#### Collected data
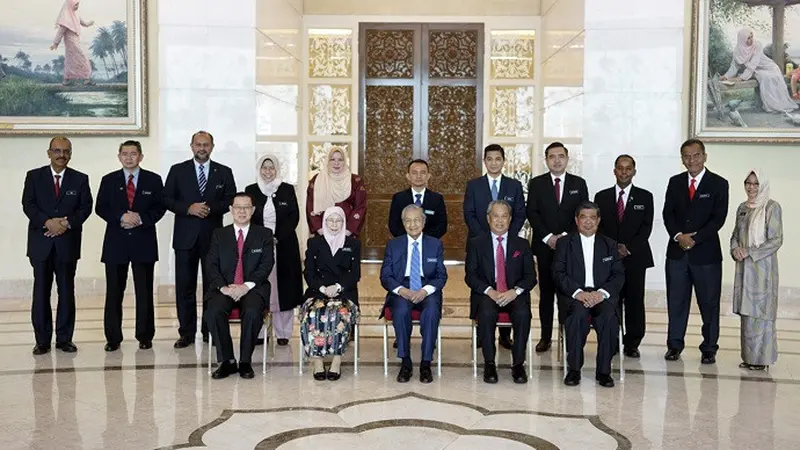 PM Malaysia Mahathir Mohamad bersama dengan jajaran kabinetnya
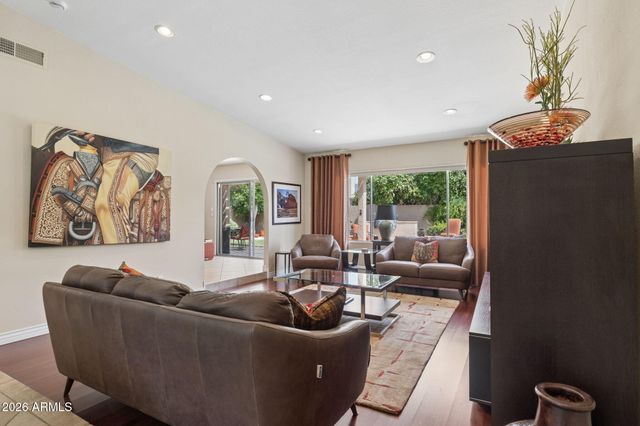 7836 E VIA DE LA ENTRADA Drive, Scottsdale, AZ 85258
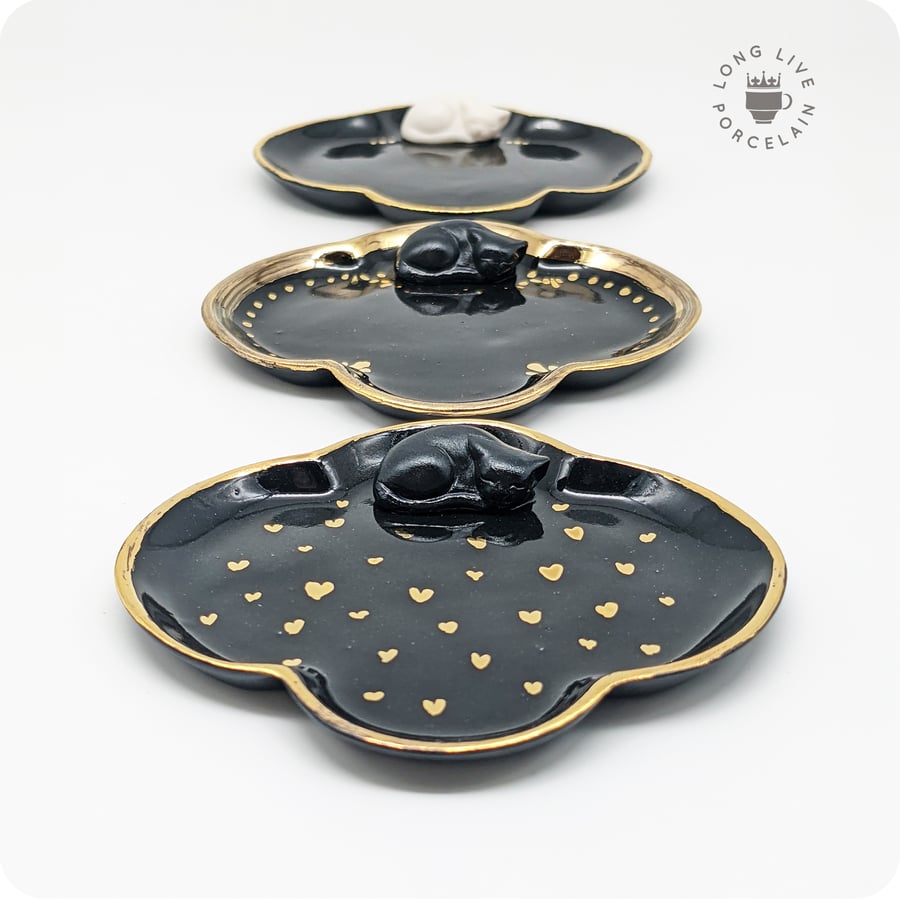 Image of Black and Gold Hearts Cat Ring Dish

#### Task instructions
Please output the material as written, apart from the images.

#### Answer to this task
 PM Malaysia Mahathir Mohamad bersama dengan jajaran kabinetnya
 7836 E VIA DE LA ENTRADA Drive, Scottsdale, AZ 85258
 Image of Black and Gold Hearts Cat Ring Dish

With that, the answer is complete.